(The problem): Copy out the full data exactly as given; pictures should not be included.

---------- Provided information ----------

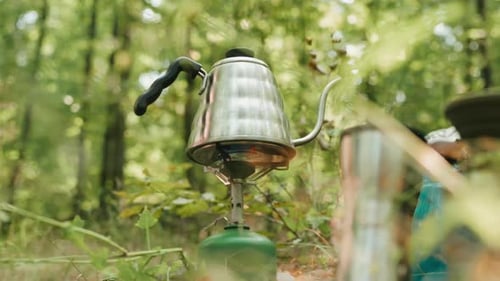 Shiny Kettle Boiling on Camping Stove in Forest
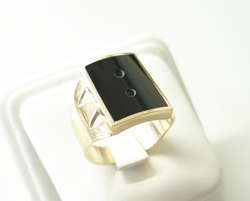 Photo of a ring with a rectangular black Onyx inlay which has an arched top surface.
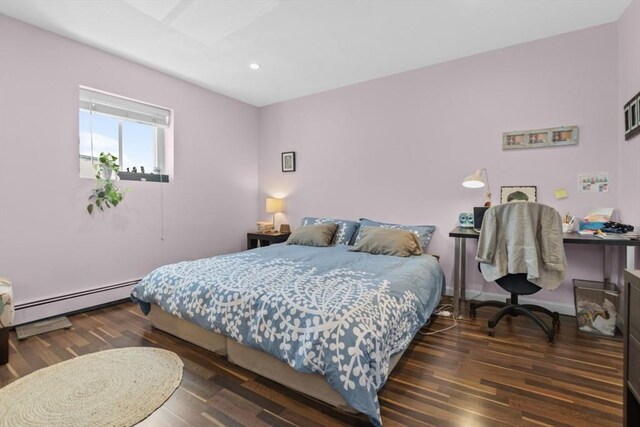 bedroom with baseboard heating, wood finished floors, recessed lighting, and a desk
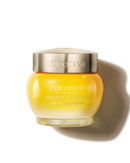 A jar of L'Occitane Immortelle Creme Jeunesse, a yellow cream product, is shown against a black background.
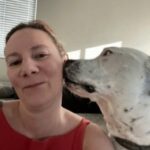 female wearing red tank top getting kisses on her cheek from a large white dog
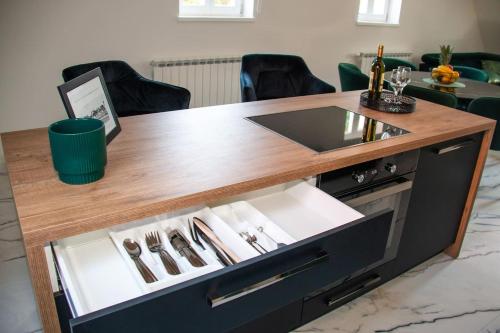 a table with a drawer with silverware on it at Apartmani Kac in Karlovac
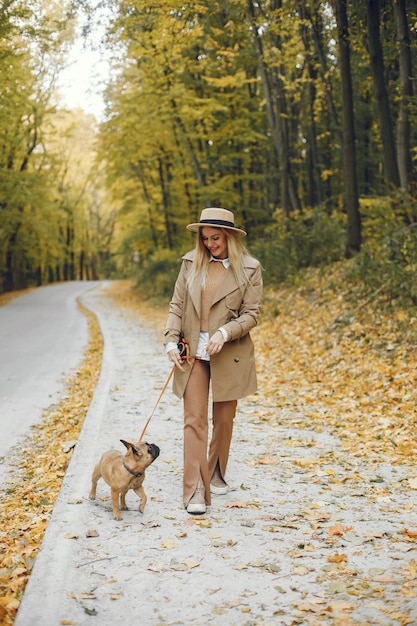 Photo gratuite femme et chien jouent et s'amusent dans le parc en automne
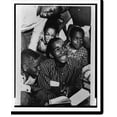 thumbnail image 1 of Historic Print, [Ernest Green, head-and-shoulders portrait, shows textbooks to young African American children, after his first full day at Little Rock Central High School], 16" x 20", 1 of 3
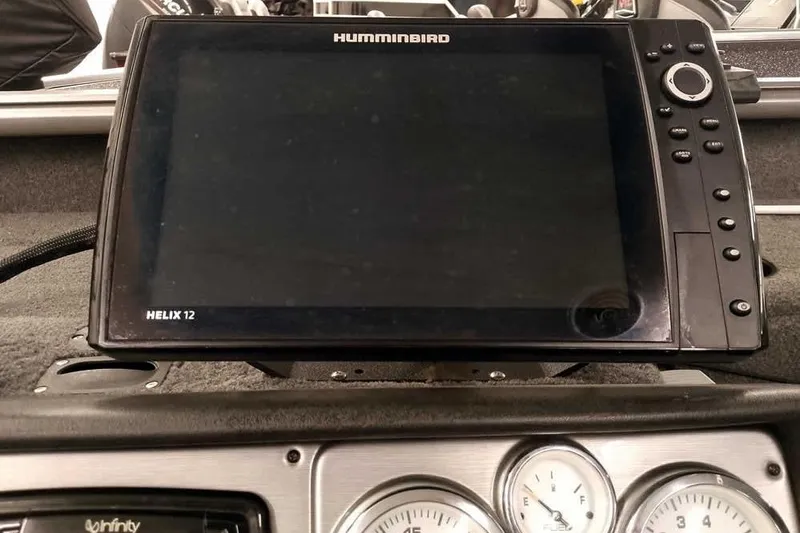 Slide: The Image of 2016 Lund 2075 Pro Guide boat dashboard with Humminbird Helix 12 fish finder. - 36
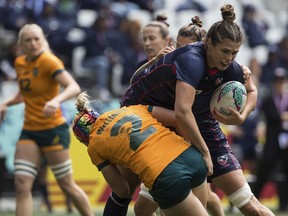 Ilona Maher of USA is tackled by Sharni Williams of Australia in a semi final match during the Rugby World Cup 7's championship held in Cape Town, South Africa, Sunday, Sept. 11, 2022.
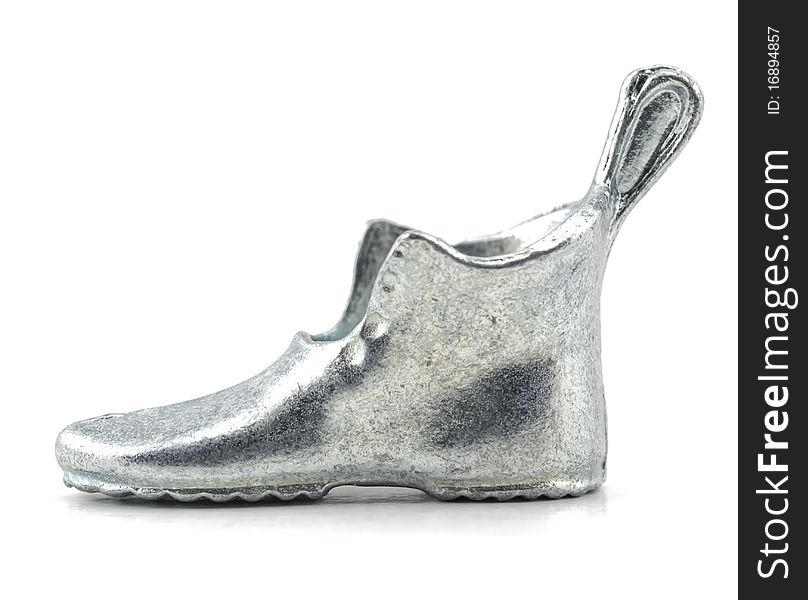 Studio shot of Silver high heel boot isolated on white.Table game silver metal figure.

----------

(Worked solution):
 Shiny Kettle Boiling on Camping Stove in Forest
 Photo of a ring with a rectangular black Onyx inlay which has an arched top surface.
 bedroom with baseboard heating, wood finished floors, recessed lighting, and a desk
 A jar of L'Occitane Immortelle Creme Jeunesse, a yellow cream product, is shown against a black background.
 female wearing red tank top getting kisses on her cheek from a large white dog
 a table with a drawer with silverware on it at Apartmani Kac in Karlovac
 Photo gratuite femme et chien jouent et s'amusent dans le parc en automne
 thumbnail image 1 of Historic Print, [Ernest Green, head-and-shoulders portrait, shows textbooks to young African American children, after his first full day at Little Rock Central High School], 16" x 20", 1 of 3
 Slide: The Image of 2016 Lund 2075 Pro Guide boat dashboard with Humminbird Helix 12 fish finder. - 36
 Ilona Maher of USA is tackled by Sharni Williams of Australia in a semi final match during the Rugby World Cup 7's championship held in Cape Town, South Africa, Sunday, Sept. 11, 2022.
 Studio shot of Silver high heel boot isolated on white.Table game silver metal figure.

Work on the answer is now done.